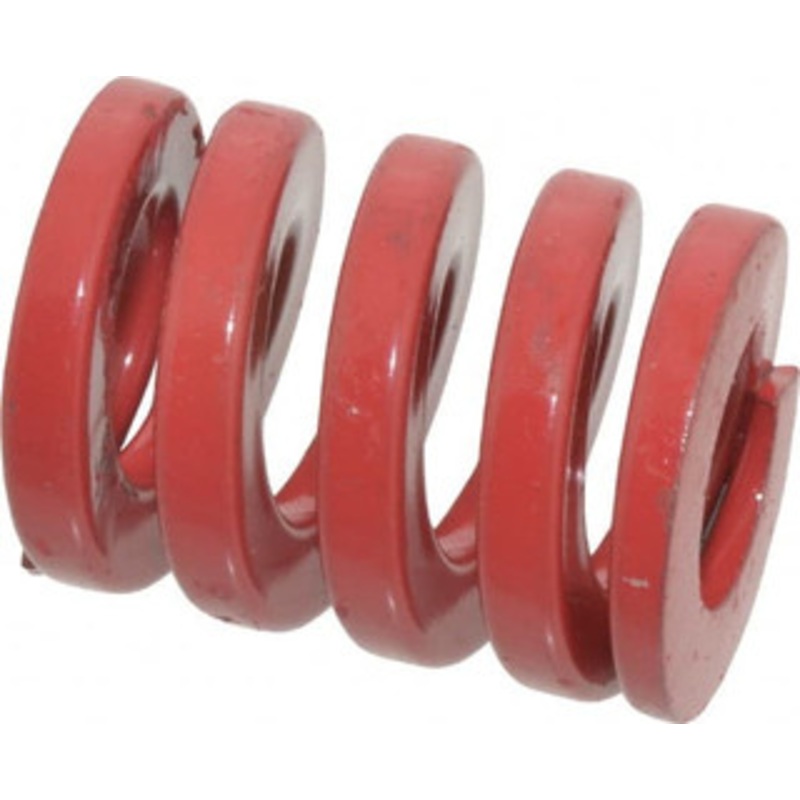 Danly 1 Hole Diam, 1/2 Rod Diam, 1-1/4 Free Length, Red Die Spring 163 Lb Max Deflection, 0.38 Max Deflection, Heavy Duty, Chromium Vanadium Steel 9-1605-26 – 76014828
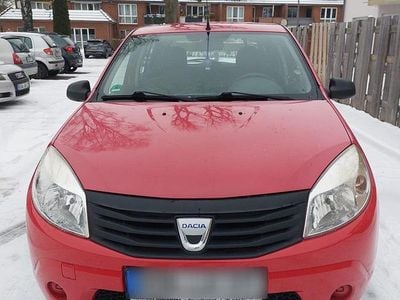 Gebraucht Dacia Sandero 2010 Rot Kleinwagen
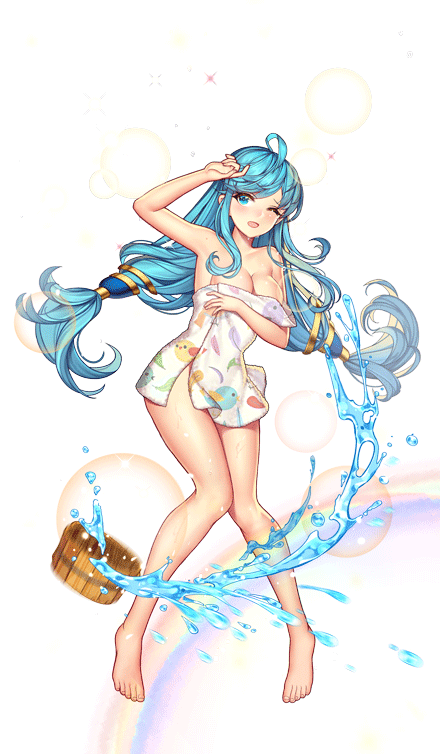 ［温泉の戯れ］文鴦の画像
---
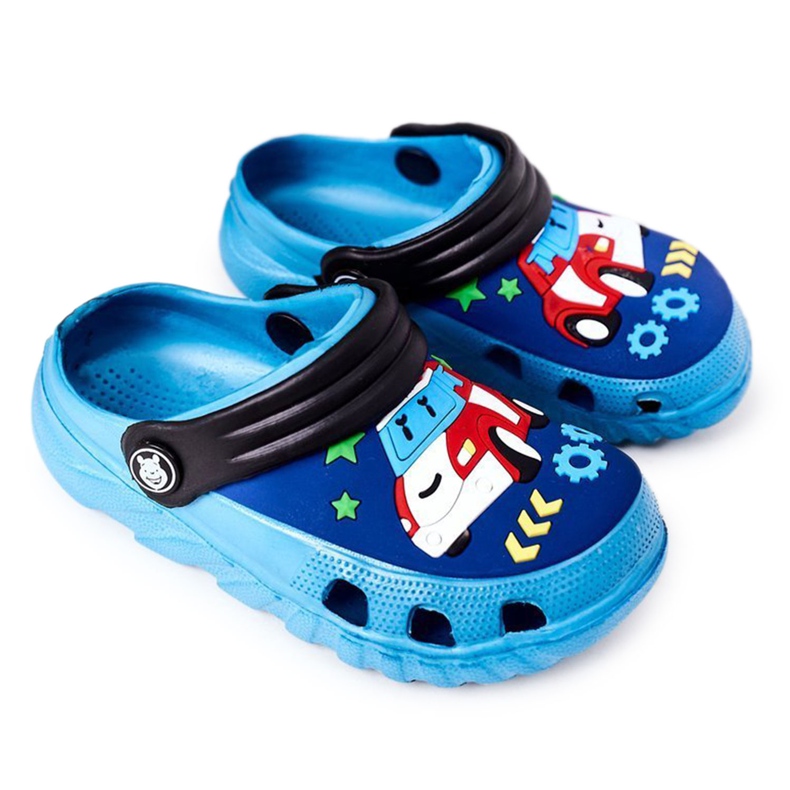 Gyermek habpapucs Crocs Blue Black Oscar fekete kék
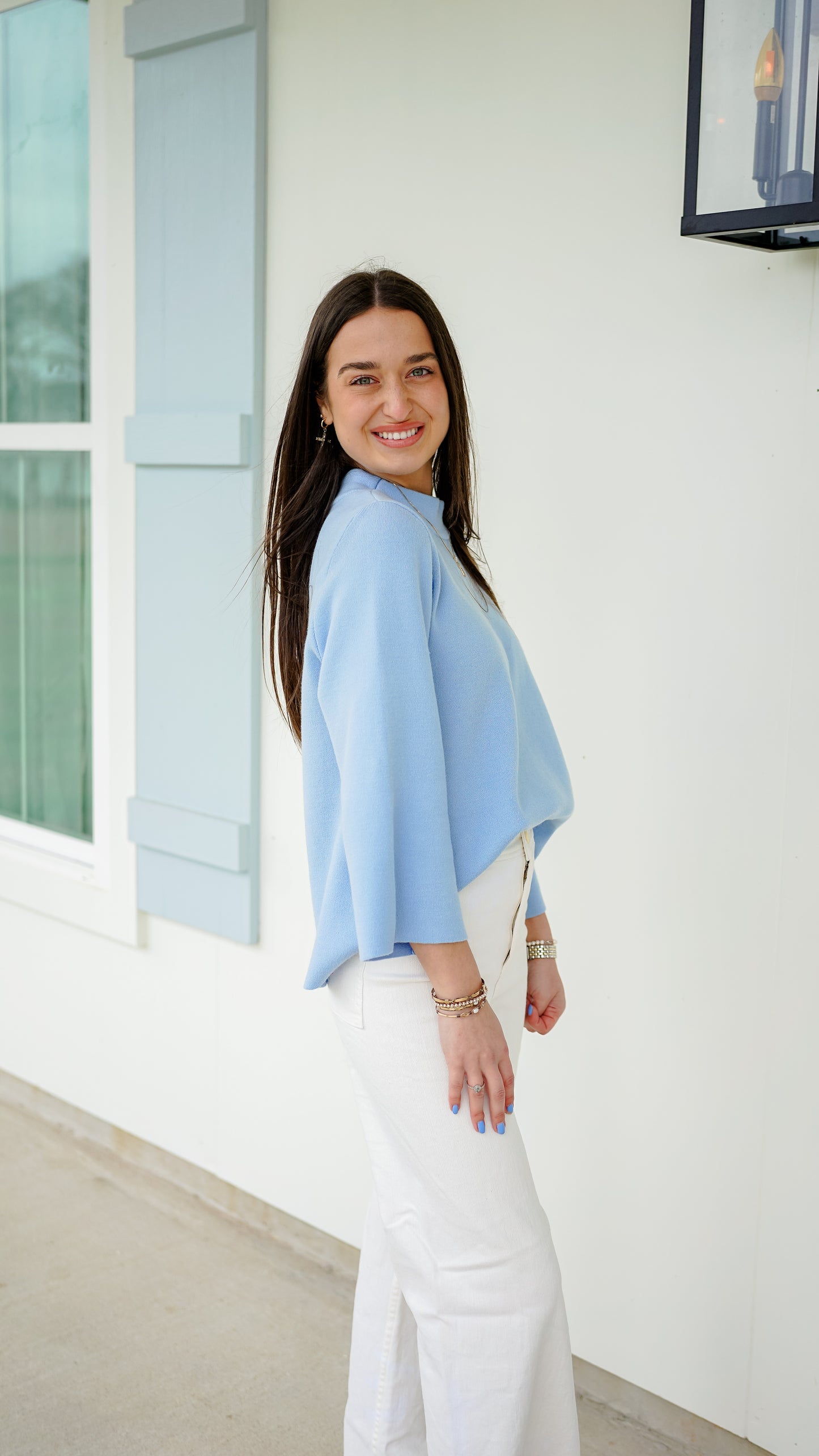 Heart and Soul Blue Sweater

* [THE TASK]
Word for word, write out the lines above running from the one with "Gyermek habpapucs Crocs" up to and including the one with "Heart and Soul Blue Sweater". Drop any picture.

* [TASK RESULT]
 Gyermek habpapucs Crocs Blue Black Oscar fekete kék
 Heart and Soul Blue Sweater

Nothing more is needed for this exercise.